Start of Exercise materials

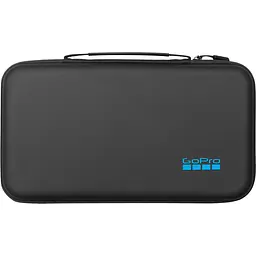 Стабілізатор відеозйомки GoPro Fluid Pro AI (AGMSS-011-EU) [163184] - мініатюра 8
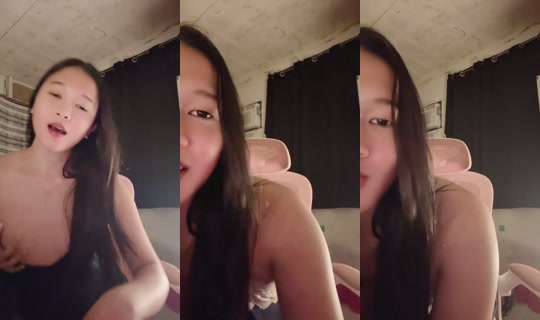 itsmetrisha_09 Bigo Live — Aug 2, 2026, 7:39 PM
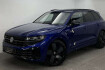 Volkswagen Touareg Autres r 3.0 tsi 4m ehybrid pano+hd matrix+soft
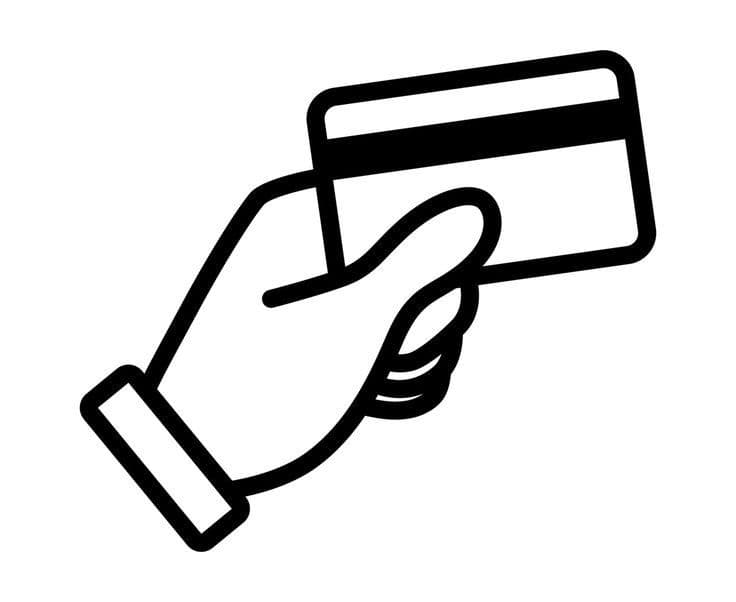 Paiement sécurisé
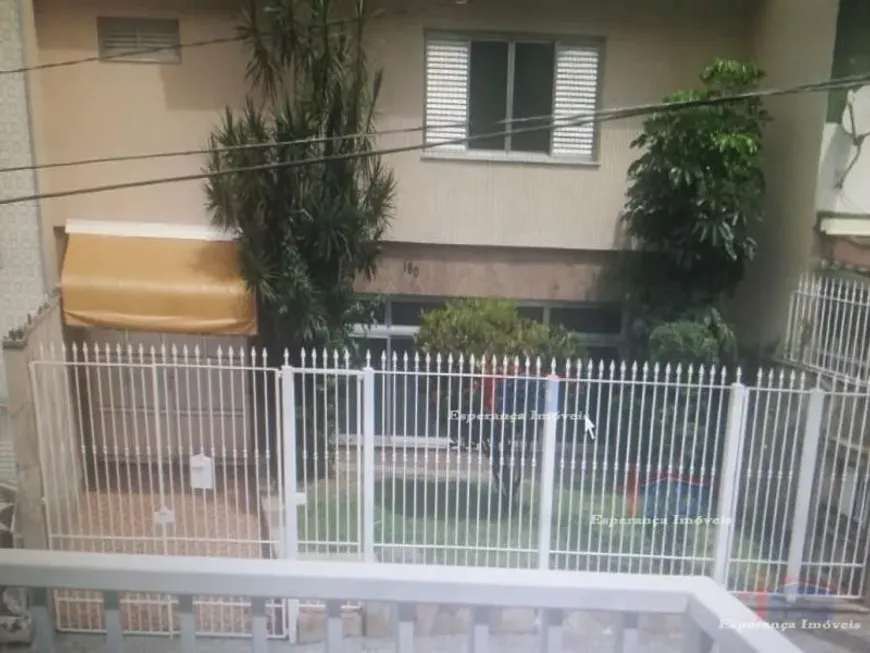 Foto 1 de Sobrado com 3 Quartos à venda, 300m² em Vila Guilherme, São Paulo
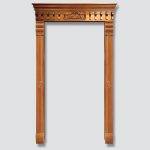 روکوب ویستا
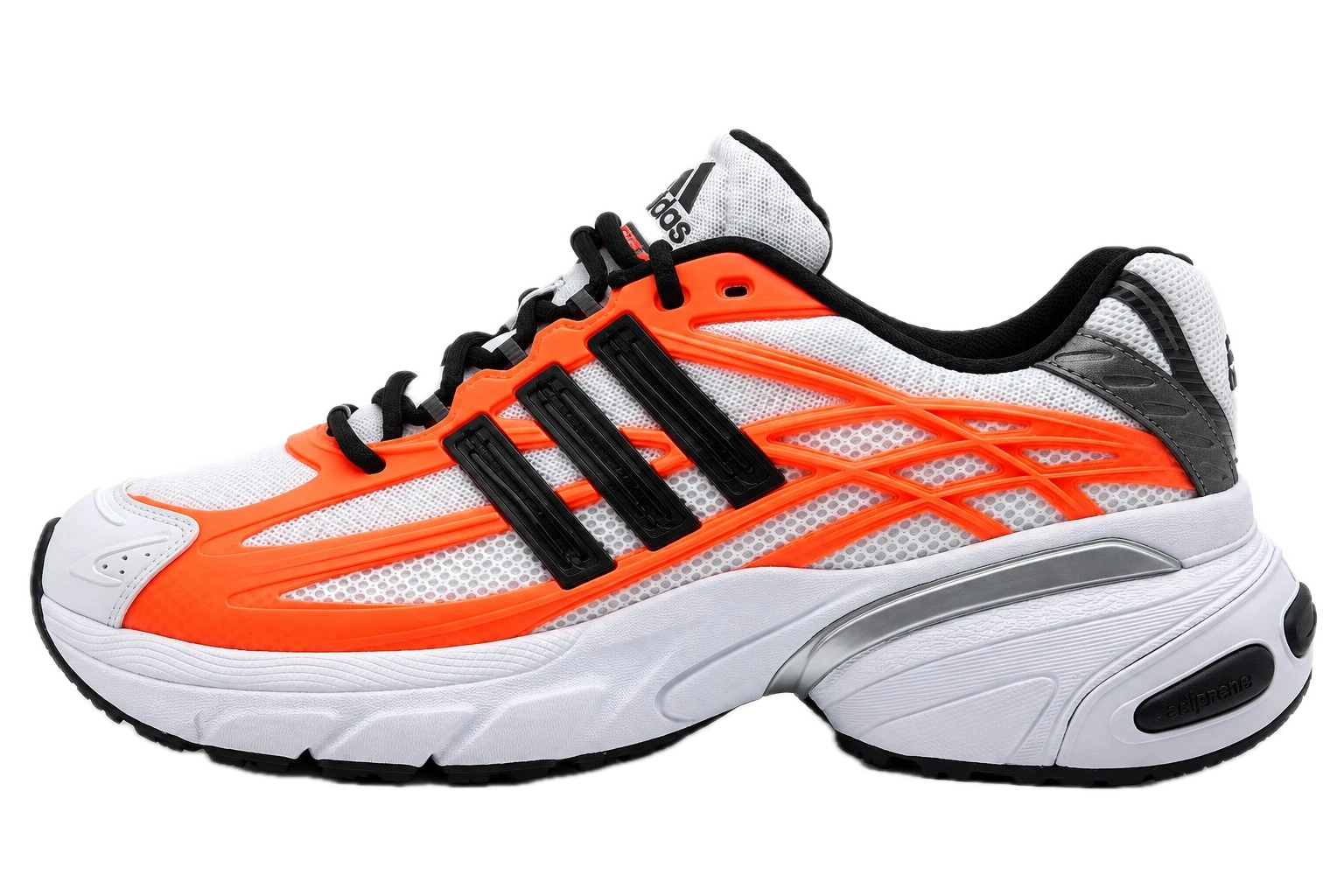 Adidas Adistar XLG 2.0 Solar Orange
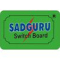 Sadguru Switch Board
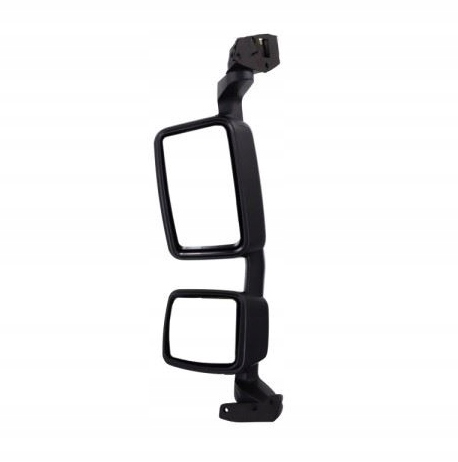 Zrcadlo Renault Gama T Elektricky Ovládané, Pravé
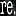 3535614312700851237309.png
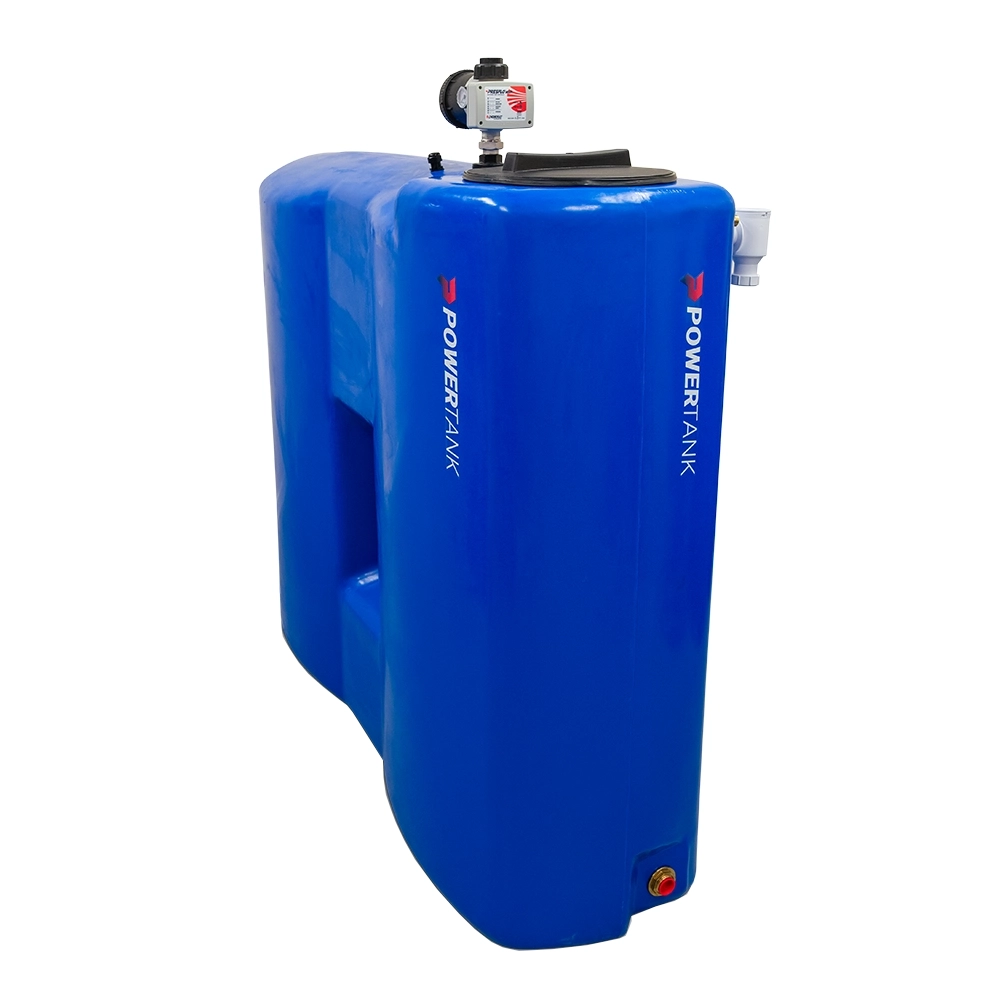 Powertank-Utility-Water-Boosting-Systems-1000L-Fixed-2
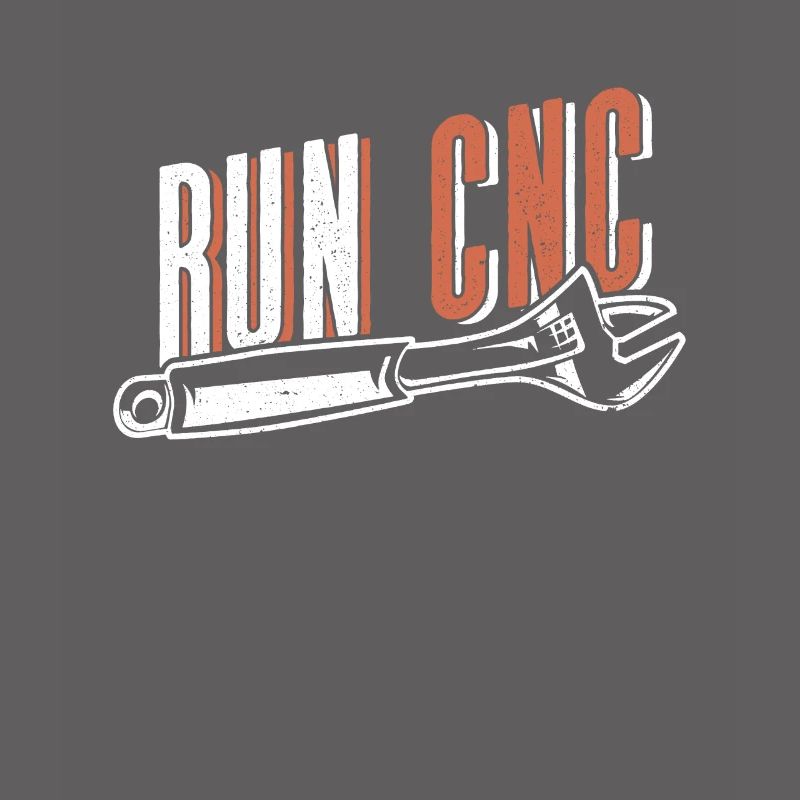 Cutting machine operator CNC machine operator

End of Exercise materials

## Task to complete:
What is the exact wording of the lines from the one bearing "Sadguru Switch Board" through the final line of the records above? Write it out without the pictures.

## Completed exercise:
 Sadguru Switch Board
 Zrcadlo Renault Gama T Elektricky Ovládané, Pravé
 3535614312700851237309.png
 Powertank-Utility-Water-Boosting-Systems-1000L-Fixed-2
 Cutting machine operator CNC machine operator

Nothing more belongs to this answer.